This task calls for the lines below starting at the one containing "ISEULT | TIERED TULLE MIDI DRESS - Mauve" and ending at the one containing "Poster Baby shower", repeated exactly with both ends kept and pictures left out.

----- Data provided

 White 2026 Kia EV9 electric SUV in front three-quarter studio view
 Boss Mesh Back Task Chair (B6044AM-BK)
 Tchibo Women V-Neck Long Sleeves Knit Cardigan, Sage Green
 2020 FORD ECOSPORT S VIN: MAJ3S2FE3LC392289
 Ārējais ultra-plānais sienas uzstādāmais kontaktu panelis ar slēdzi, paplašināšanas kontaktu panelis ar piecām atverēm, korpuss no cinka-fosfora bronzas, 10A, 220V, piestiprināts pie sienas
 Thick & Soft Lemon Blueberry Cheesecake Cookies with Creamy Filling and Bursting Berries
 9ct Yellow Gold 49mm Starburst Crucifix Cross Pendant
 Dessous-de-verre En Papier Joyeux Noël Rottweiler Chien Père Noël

----------
----- Data provided

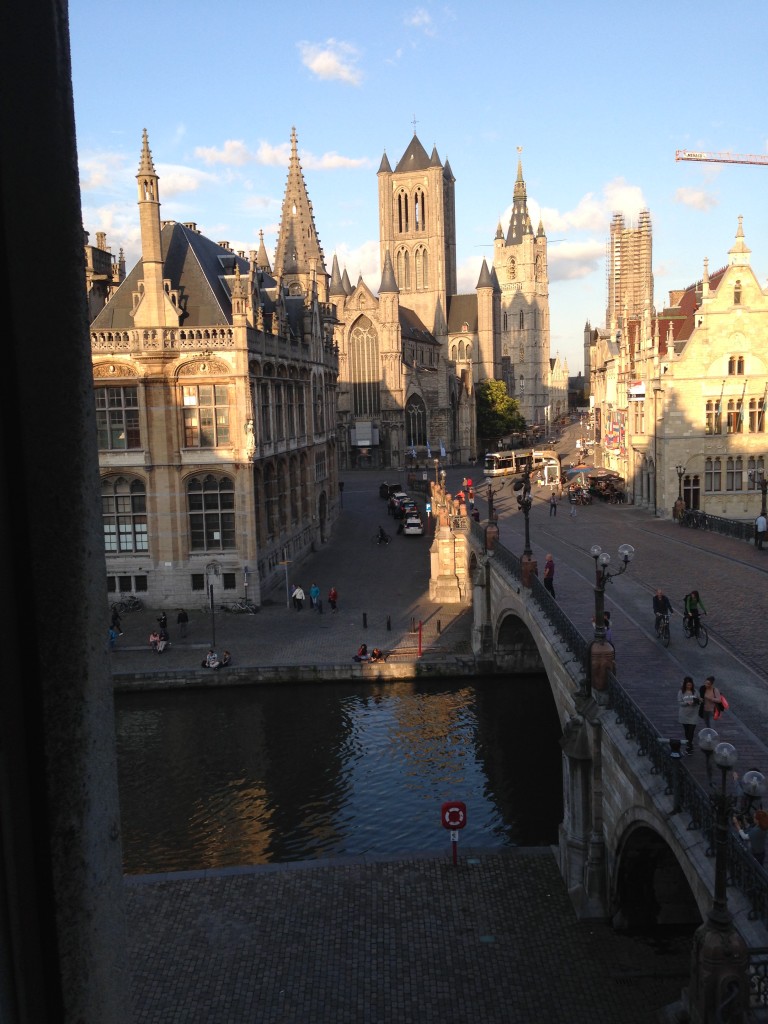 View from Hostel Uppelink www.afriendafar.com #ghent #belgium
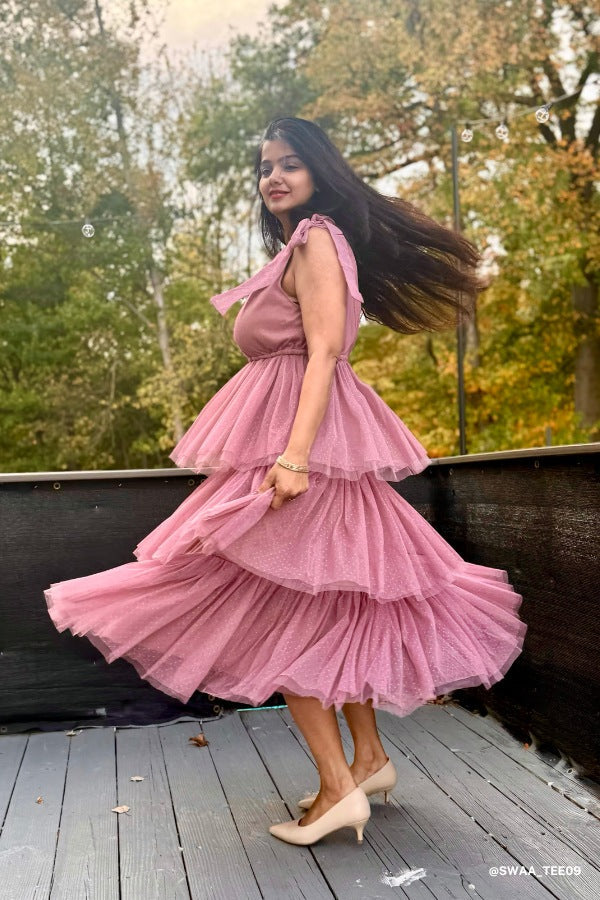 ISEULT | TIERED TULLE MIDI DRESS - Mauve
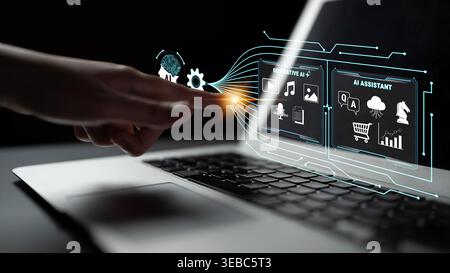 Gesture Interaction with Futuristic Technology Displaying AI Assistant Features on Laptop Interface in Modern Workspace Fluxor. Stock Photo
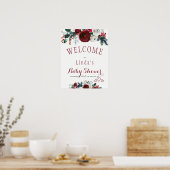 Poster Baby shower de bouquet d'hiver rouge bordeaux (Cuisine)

----------
----- Data provided

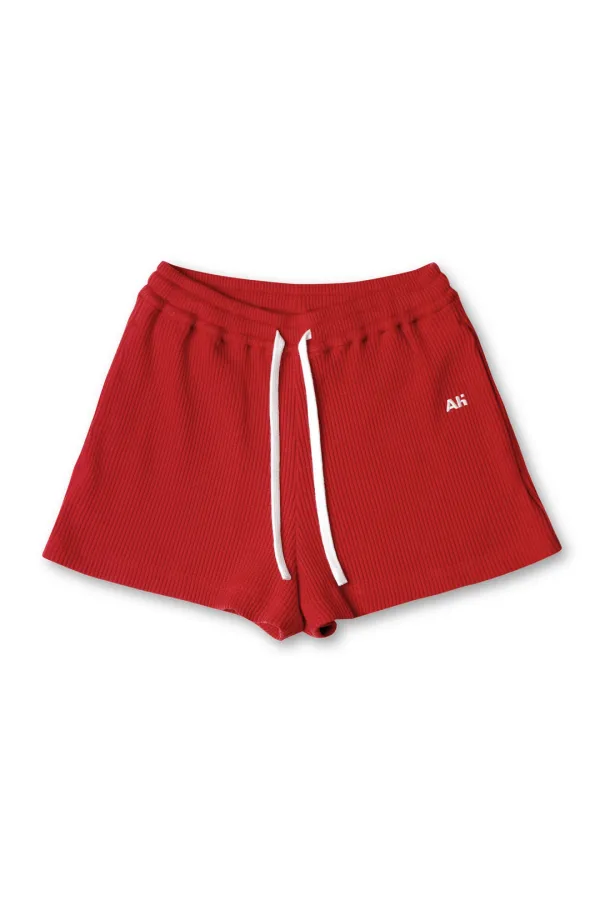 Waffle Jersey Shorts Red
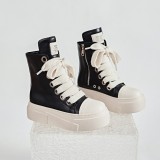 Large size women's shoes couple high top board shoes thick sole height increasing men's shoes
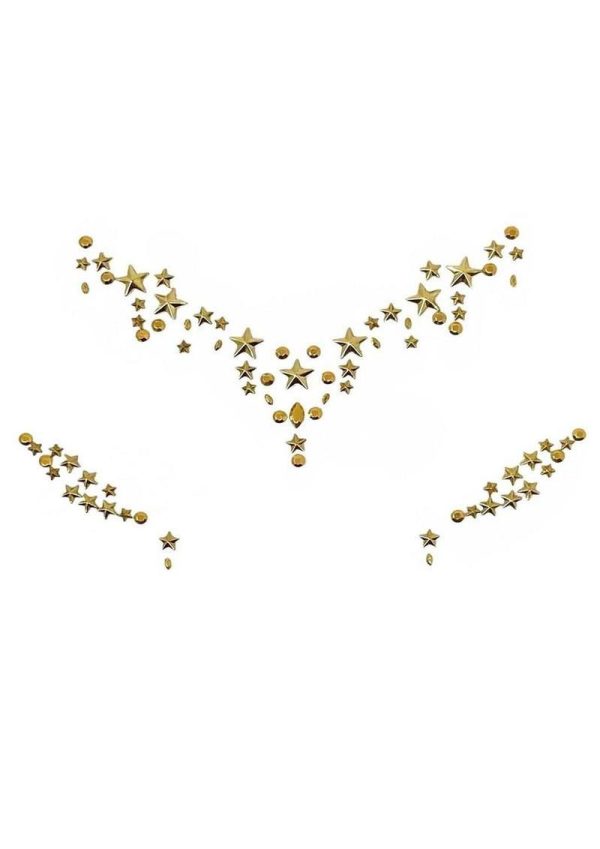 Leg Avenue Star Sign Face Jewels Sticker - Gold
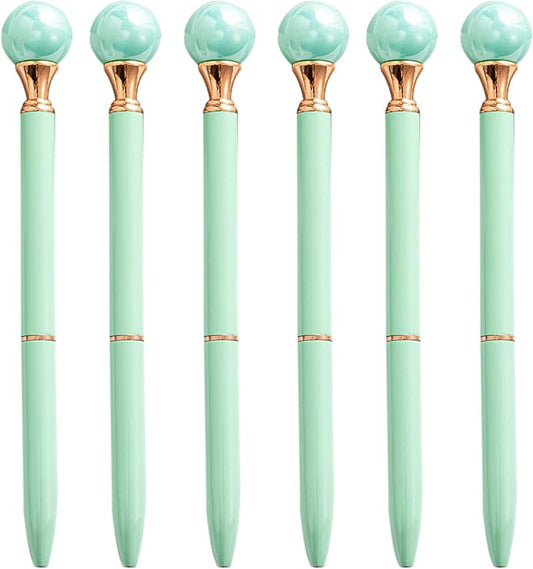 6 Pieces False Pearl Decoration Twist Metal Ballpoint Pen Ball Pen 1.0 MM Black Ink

----------

Solution to this exercise:
 ISEULT | TIERED TULLE MIDI DRESS - Mauve
 Gesture Interaction with Futuristic Technology Displaying AI Assistant Features on Laptop Interface in Modern Workspace Fluxor. Stock Photo
 Poster Baby shower de bouquet d'hiver rouge bordeaux (Cuisine)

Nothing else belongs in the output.